In today's data-driven world, ensuring compliance with data privacy regulations like the General Data Protection Regulation (GDPR) is critical for organizations. One of the key rights under GDPR is Article 17, the "Right to Erasure" or the "Right to be Forgotten." This requires organizations to erase personal data upon request, especially when the data is no longer needed or the individual withdraws consent. For businesses hosting applications in the Azure cloud environment, this means purging user data from various services, including Azure Log Analytics Workspace. In this blog post, we will explore why and how you can purge user data from Azure Log Analytics Workspace to remain GDPR compliant.

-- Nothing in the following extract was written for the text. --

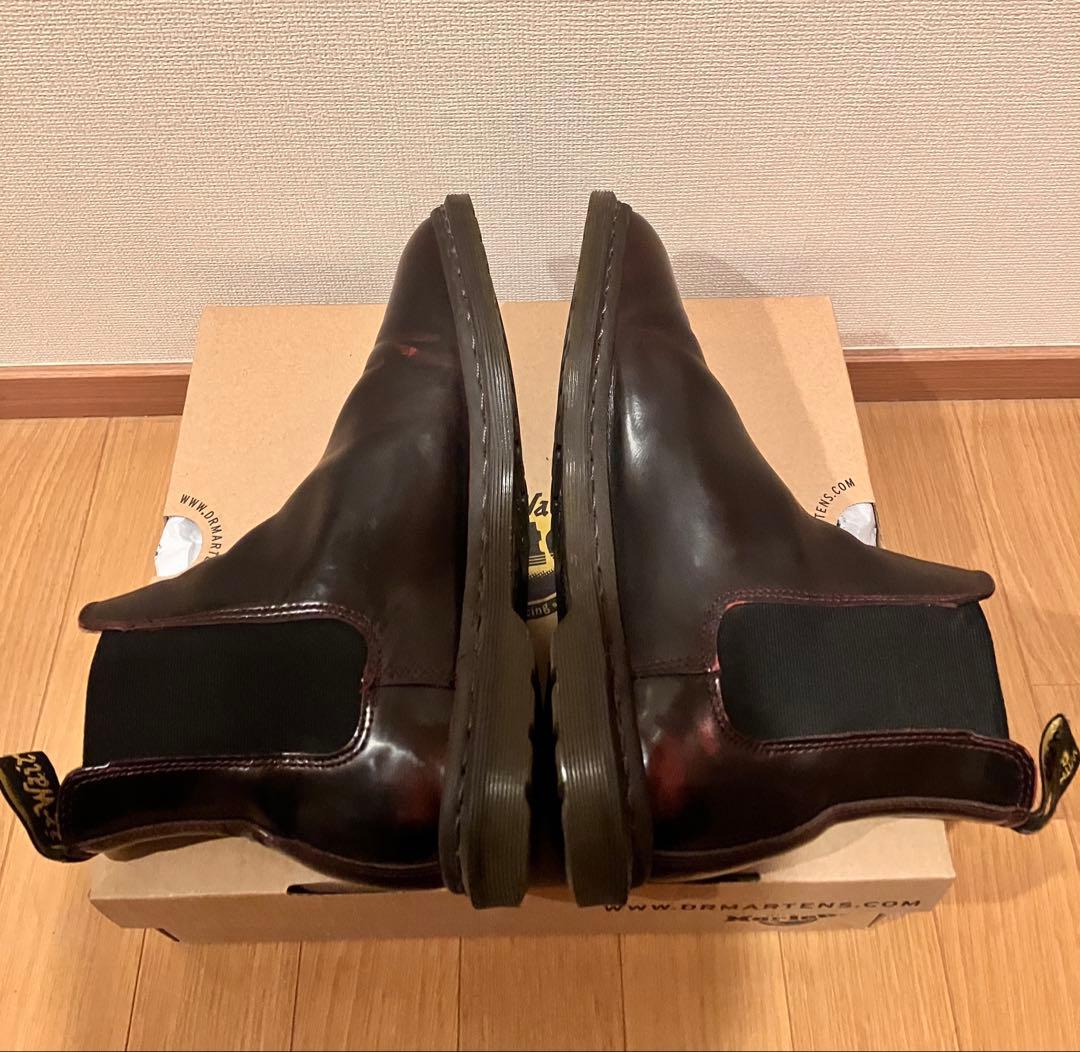 GRAEMEII チェリーレッド UK8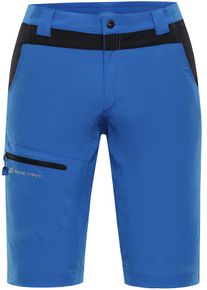 Softshell men's shorts Alpine Pro CUOM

The Importance of GDPR Compliance
The GDPR applies to all organizations that process personal data of EU citizens, regardless of where the company is based. One of its core principles is ensuring that individuals have control over their personal data, including the right to have that data erased when certain conditions are met, such as:
Withdrawal of consent: If a user withdraws consent to the processing of their data, the organization must erase their information.
Data no longer necessary: If the data collected is no longer necessary for the purpose it was originally gathered for.
Data processing is unlawful: If the processing of personal data is in violation of the GDPR.
Legal obligations: If there's a legal requirement to erase the data.
In such cases, failure to erase personal data could result in severe penalties, with fines reaching up to €20 million or 4% of global annual turnover, whichever is higher.
Why Purging Data in Azure Log Analytics is Critical
Azure Log Analytics Workspace is a powerful service that allows organizations to collect and query data from their Azure resources for monitoring, troubleshooting, and performance analysis. However, the logs stored in these workspaces often contain personal information such as user IDs, email addresses, or other identifiers. If a user requests data erasure, you must ensure that these logs are purged accordingly.
Some of the typical user data that could be captured in Log Analytics logs includes:
User email addresses
User IDs or application-specific identifiers
IP addresses
Purging this information is essential for ensuring that your organization respects user privacy and meets GDPR Article 17 requirements.
Automating the Process: A Python Script for Purging User Data
Manually locating and deleting data across various Azure Log Analytics Workspaces can be time-consuming and prone to errors. To streamline this process, you can use an automated approach by developing a Python script that:
Queries logs in Azure Log Analytics Workspace based on user email addresses.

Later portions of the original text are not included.